You should be able to bypass BIOS disk size limits by using a PCI Ultra ATA controller with own BIOS. You could also use SATA controller, but you won't find drivers for Windows 3.1 or 98. The built-in IDE controller should be disabled.

Pentium III 900E, ECS P6BXT-A+, 384MB RAM, NVIDIA GeForce FX 5600 128MB, Voodoo 2 12MB, 80GB HDD, Yamaha SM718 ISA, 19" AOC 9GlrA
Athlon 64 3400+, MSI K8T Neo V, 1GB RAM, NVIDIA GeForce 7600GT 512MB, 250GB HDD, Sound Blaster Audigy 2 ZS

Reply 16 of 19, by abasak

User metadata
Rank Newbie
Rank
Newbie

Thanks for all the great replies! I’m trying to find a cheap controller here in EU, but seems like they start at around €50 on eBay.

For a stand alone PCI IDE controller, how do you set the drive size? Is that just automatically detected?

Reply 17 of 19, by AlexZ

User metadata
Rank Member
Rank
Member

Definitely get a very cheap one. They should cost about €10. There could be incompatibility between PCI spec supported on 486 boards therefore you don't want to spend too much on it. First look whether you are able to disable the internal HDD controller in BIOS so that Hwinfo doesn't detect it (boot from floppy once you have a floppy controller). I just bought three of them and I'm going to test how they work.

Try to look at allegro pl. It's a Polish website (I'm not Polish and I have to use google translate to use it) and prices are very low. E.g Pentium III is much cheaper than on ebay. I have ordered car parts from it before.

If you search for "Kontroler 4xPATA Leadtek WinFast ATA100 do PC " it will show you one item for 40 zł = € 8.6 . It has Silicon Image chip and a BIOS. Another one on sale there is "Kontroler ITE IT8212F ATA 100/133 + RAID" and "Kontroler PCI-IDE CMD 0649".

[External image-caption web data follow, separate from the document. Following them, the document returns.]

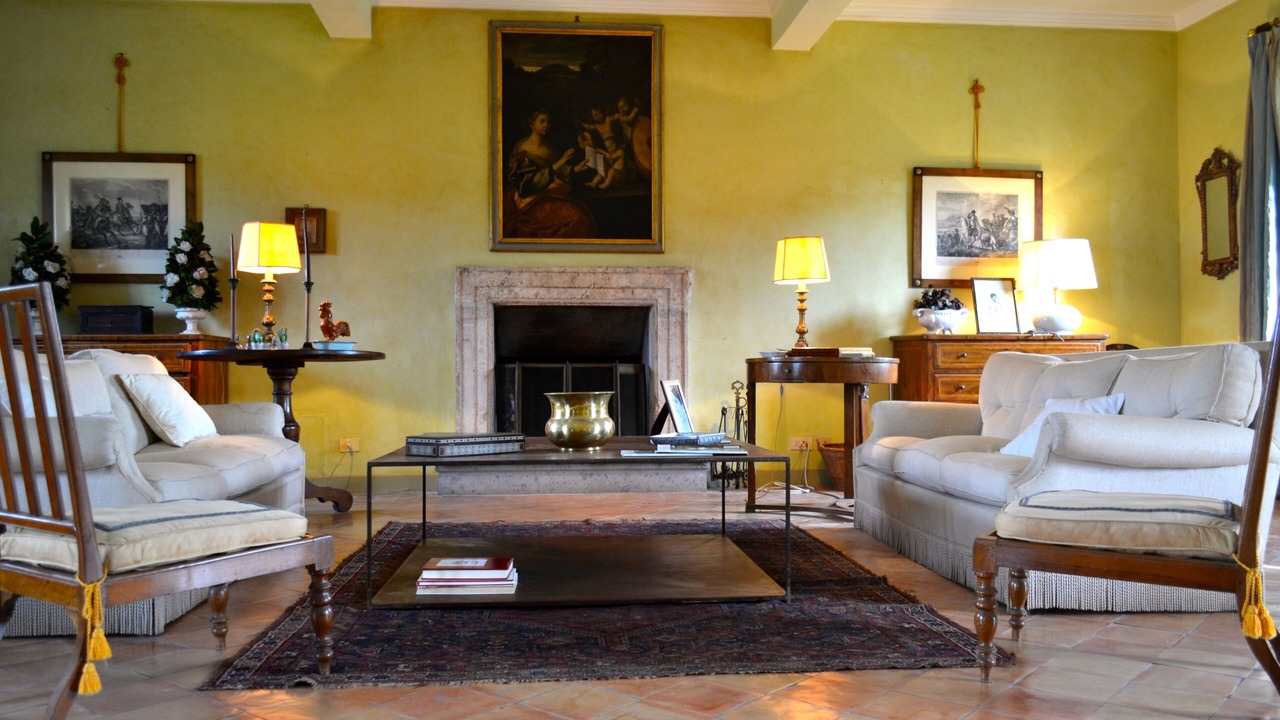 Photo of Bedroom in Rome Province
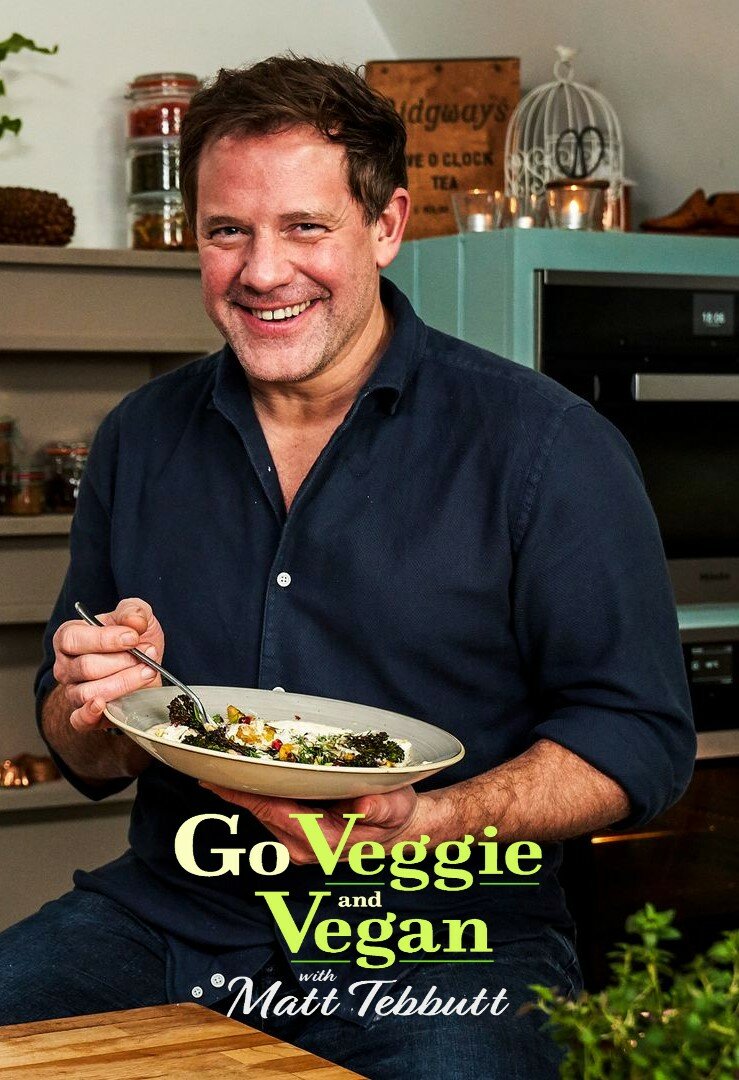 Go Veggie and Vegan with Matt Tebbutt ne zaman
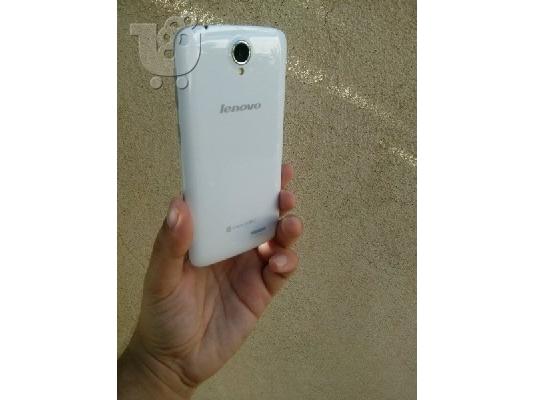 Original Lenovo A388 Quad-Core.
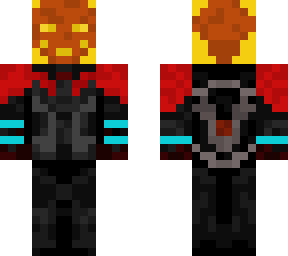 cosmic ghost rider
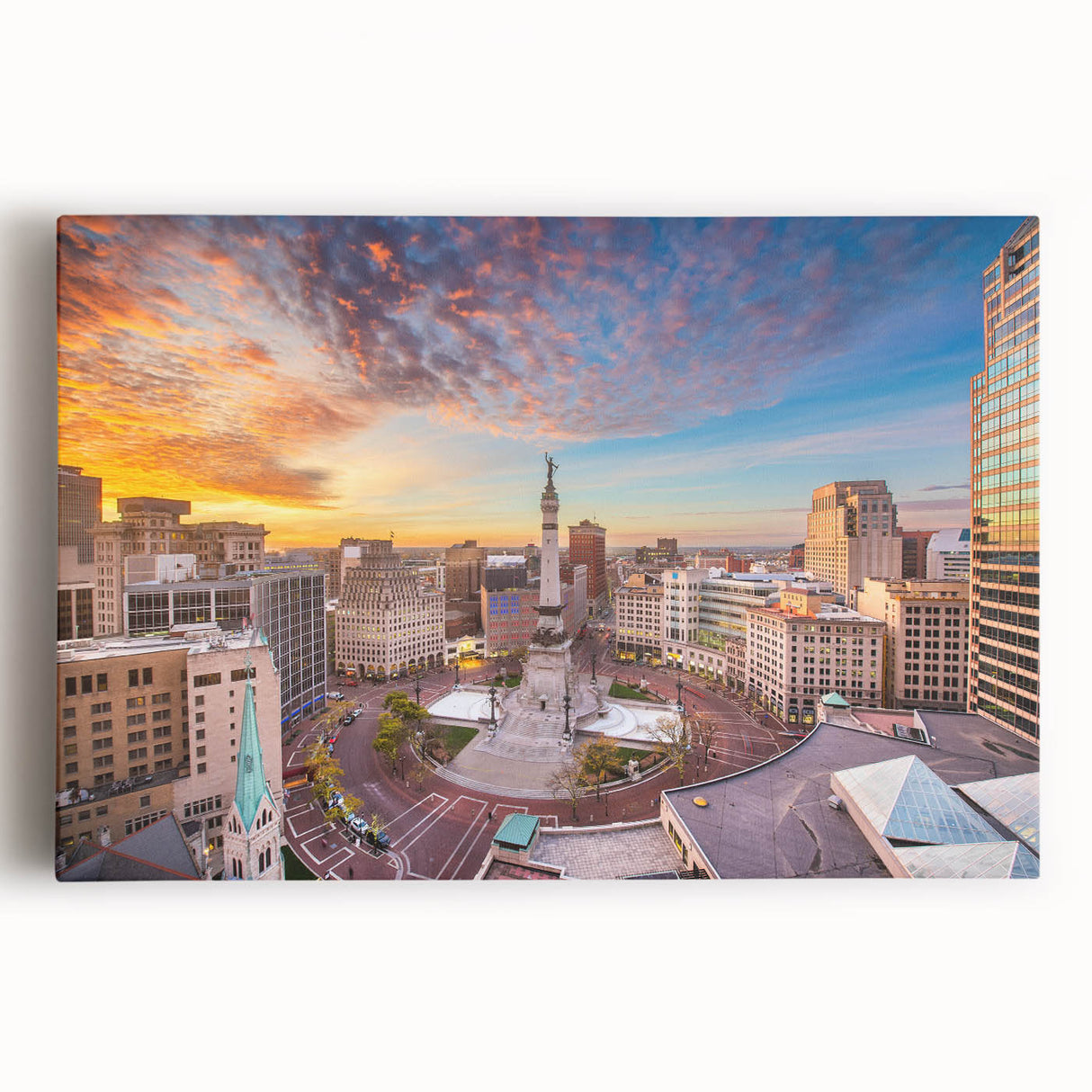 Black and white abstract design on a large canvas, featuring swirling patterns.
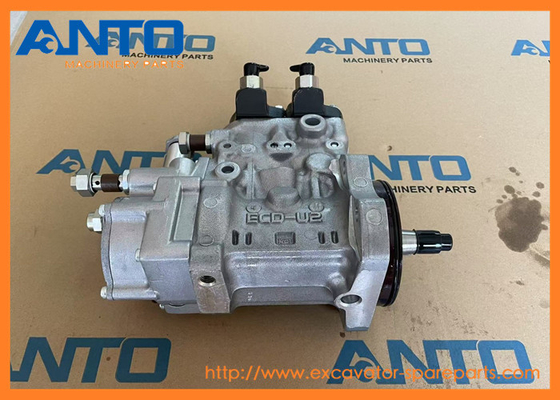 6217-71-1120 6217-71-1121 6217-71-1122 Yakıt pompası ASSY Komatsu 6D140-3 için yedek parçalar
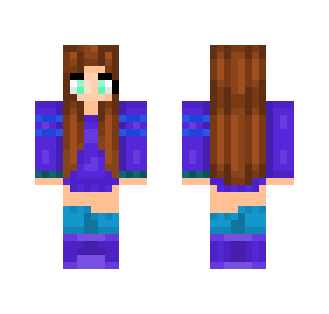Kawaii Girl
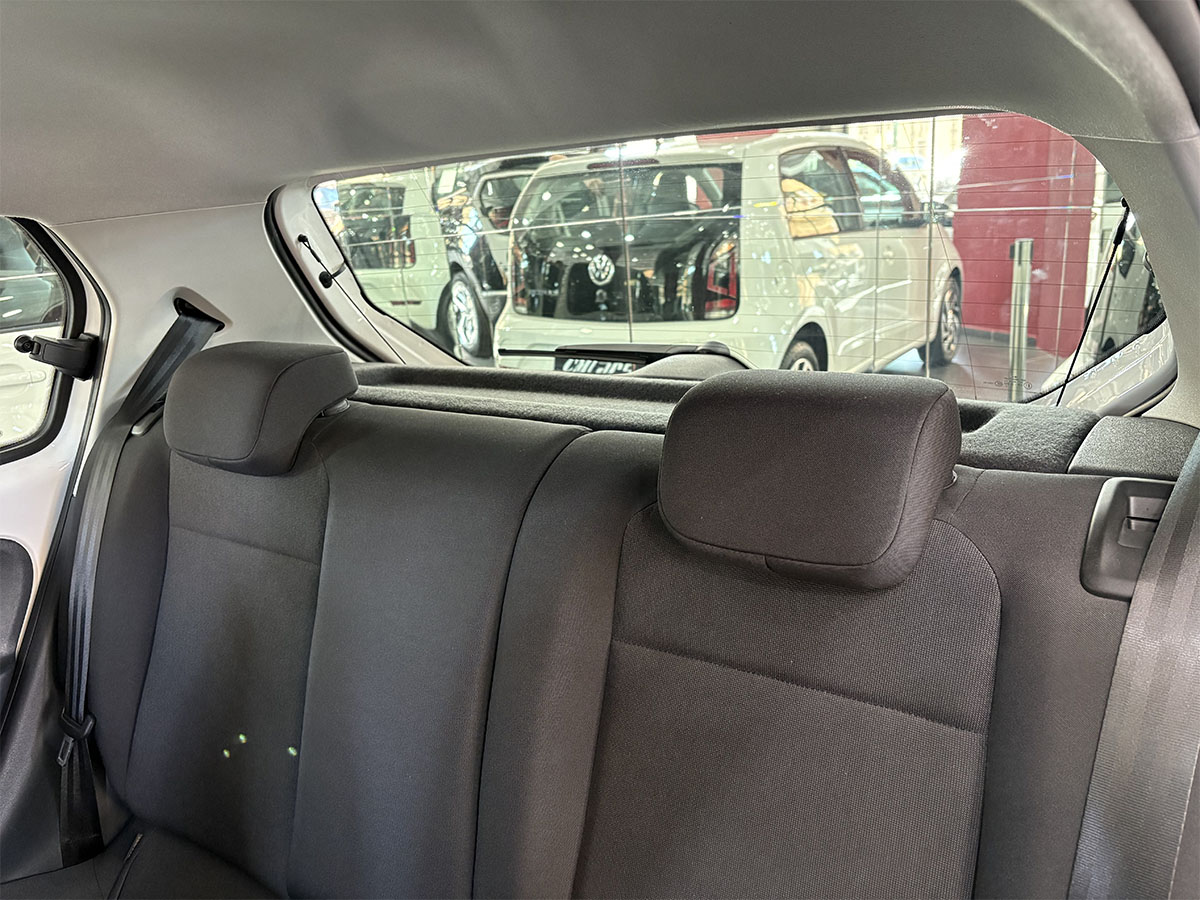 Volkswagen up! 1.0 68cv Eco Metano di Serie Move ITALIANA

With PCI Ultra ATA controller you will disable the built-in controller and set hard drives to NONE in motherboard BIOS setup. Ultra ATA controller notification should be shown during BIOS post, either auto-detecting drives or offering its own setup after key press. Ultra ATA controller also needs to install its own Int 13h handler to process hard drive access calls. I'm not sure how it will coexist with floppy controller as Int 13h is meant to handle both.

Last edited by AlexZ on 2022-04-16, 14:22. Edited 2 times in total.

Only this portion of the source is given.